Photography: 98 for 98
The century in photographs: today: 1906
As part of 98 for 98, The Independent has been allowed exclusive access to the Hulton Getty Picture Collection in order to give its readers a year-by-picture history of the century. Today's photograph, of an infants' school in Chelsea, is from 1906.
The early part of the year was dominated by the Liberals' landslide General Election victory, leaving only 156 Tories with seats and producing a House also notable for the presence of 29 Labour MPs. The Liberals put their majority to immediate use, initiating a series of social reforms which included a schools medical service to monitor the health of children in infants' schools (much like the one pictured) which were largely funded, to the chagrin of the wealthy, by a rise in income tax to six per cent.
The women's suffrage movement also gathered pace in 1906. The Prime Minister, Sir Henry Campbell-Bannerman, met and sympathised with a deputation representing 500,000 women but stressed that a patient rather than a pugnacious attitude would eventually deliver women the vote. The arrest of 11 suffragettes at the opening of Parliament in November made it clear that the increasingly militant suffragettes were in no mood to hang around, however. The year's end also brought the introduction of Keir Hardie's bill providing for female emancipation, suggesting that agitation was getting results.

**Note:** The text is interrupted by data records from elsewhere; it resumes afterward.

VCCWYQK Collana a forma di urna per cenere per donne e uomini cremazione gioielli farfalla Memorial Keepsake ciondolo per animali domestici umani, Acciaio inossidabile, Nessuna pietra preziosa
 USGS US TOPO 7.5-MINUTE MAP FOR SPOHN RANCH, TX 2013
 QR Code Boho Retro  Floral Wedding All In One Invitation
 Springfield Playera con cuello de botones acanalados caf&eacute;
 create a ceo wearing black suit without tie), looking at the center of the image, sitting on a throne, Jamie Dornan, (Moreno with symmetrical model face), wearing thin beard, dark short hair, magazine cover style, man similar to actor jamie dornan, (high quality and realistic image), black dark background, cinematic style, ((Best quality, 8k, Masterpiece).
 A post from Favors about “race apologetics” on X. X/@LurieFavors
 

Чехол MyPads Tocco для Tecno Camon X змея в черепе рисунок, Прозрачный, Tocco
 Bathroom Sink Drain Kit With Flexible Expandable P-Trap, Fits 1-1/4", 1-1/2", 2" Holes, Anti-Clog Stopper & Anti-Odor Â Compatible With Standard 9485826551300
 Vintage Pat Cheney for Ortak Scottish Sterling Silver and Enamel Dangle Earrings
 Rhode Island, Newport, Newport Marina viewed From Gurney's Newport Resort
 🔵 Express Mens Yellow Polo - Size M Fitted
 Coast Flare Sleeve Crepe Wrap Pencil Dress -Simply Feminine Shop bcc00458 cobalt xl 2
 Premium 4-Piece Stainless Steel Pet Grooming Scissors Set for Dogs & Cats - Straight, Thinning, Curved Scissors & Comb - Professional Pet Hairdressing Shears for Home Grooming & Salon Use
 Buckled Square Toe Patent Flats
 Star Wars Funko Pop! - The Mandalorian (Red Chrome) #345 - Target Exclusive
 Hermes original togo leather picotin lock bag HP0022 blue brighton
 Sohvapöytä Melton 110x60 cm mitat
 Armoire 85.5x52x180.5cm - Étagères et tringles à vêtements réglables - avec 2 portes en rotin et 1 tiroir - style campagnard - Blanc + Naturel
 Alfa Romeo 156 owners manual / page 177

If the women of 1906 were working hard, they were playing hard, too, enthusiastically taking up contact sports with grave reservations from men. "Let woman rather confine herself to the lighter and more graceful forms of gymnastics and athletics," warned Dr Dudley Sargent, the physical director of Harvard University.
At the same time in the USA, William S Kellogg formed the Battle Creek Toasted Corn Flake Company in the hope that the general public would show the same enthusiasm for his new product as had the mental patients for whom his brother had originally invented the cereal.